** Opening Recorded information block **

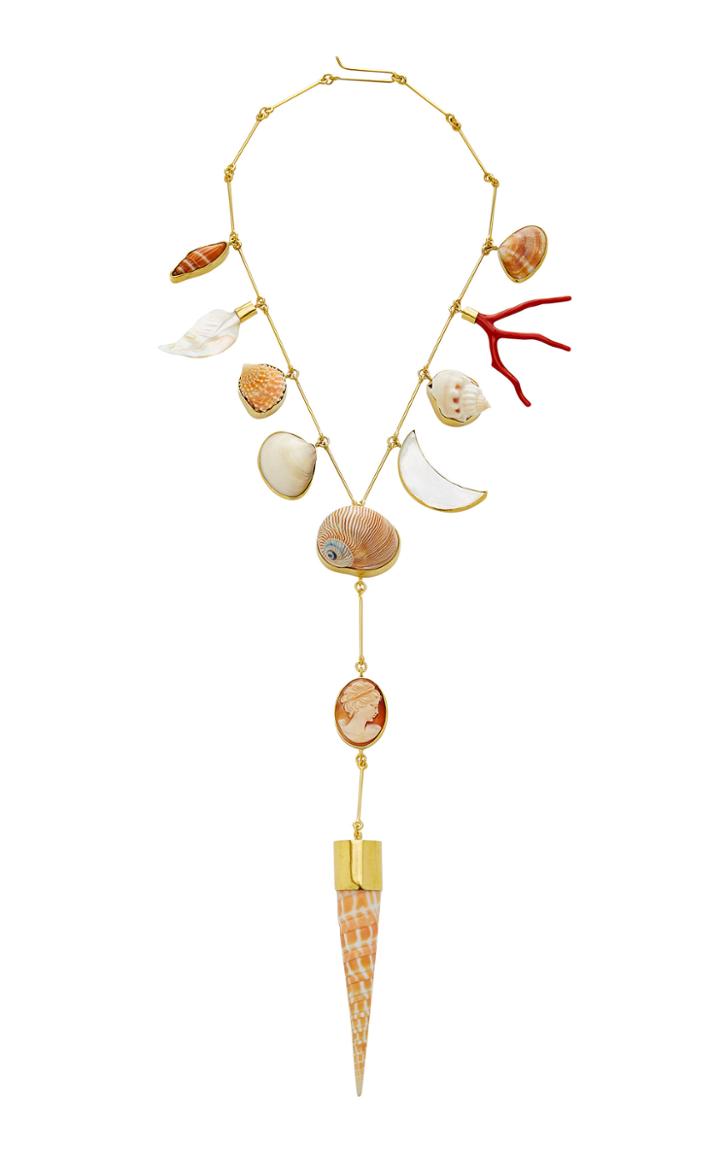 Moda Operandi Grainne Morton Seashore Drop Necklace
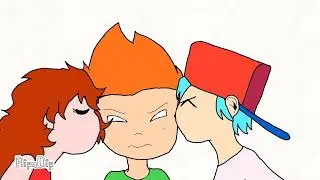 A lil kiss-A (late) Pico day animation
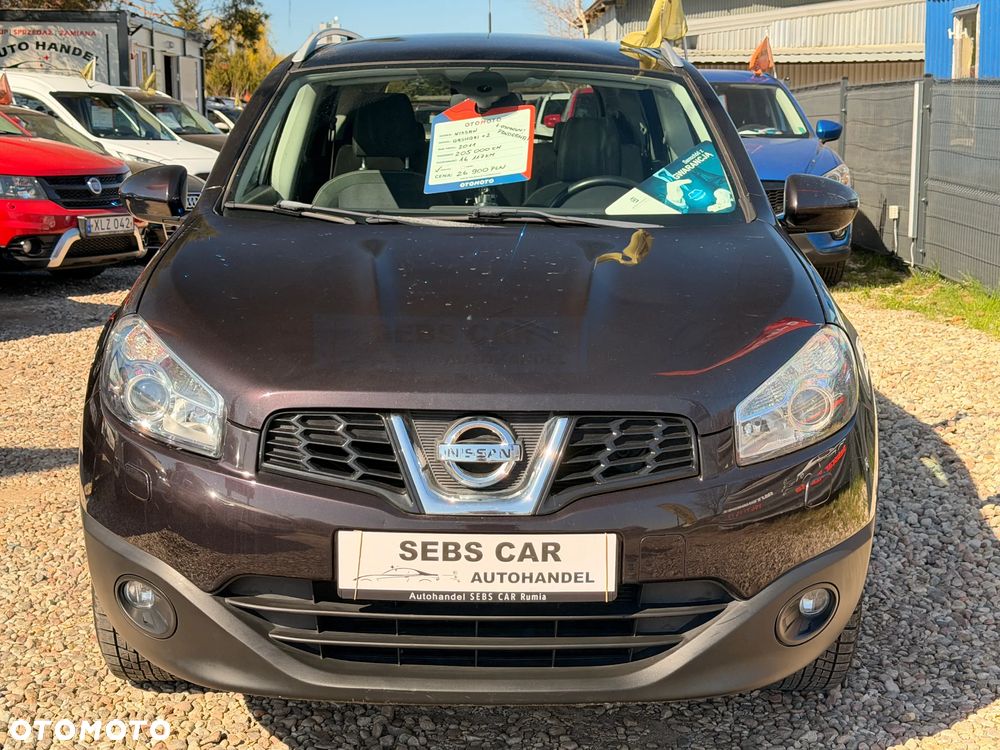 Nissan Qashqai+2 1.6 visia - 5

** Closing Recorded information block **

▸ **Assignment**:
Your copy should consist only of the lines from the line holding "A lil kiss-A (late) Pico day animation" through the final line of the listing above, both included, with all pictures omitted.

▸ **Response area**:
 A lil kiss-A (late) Pico day animation
 Nissan Qashqai+2 1.6 visia - 5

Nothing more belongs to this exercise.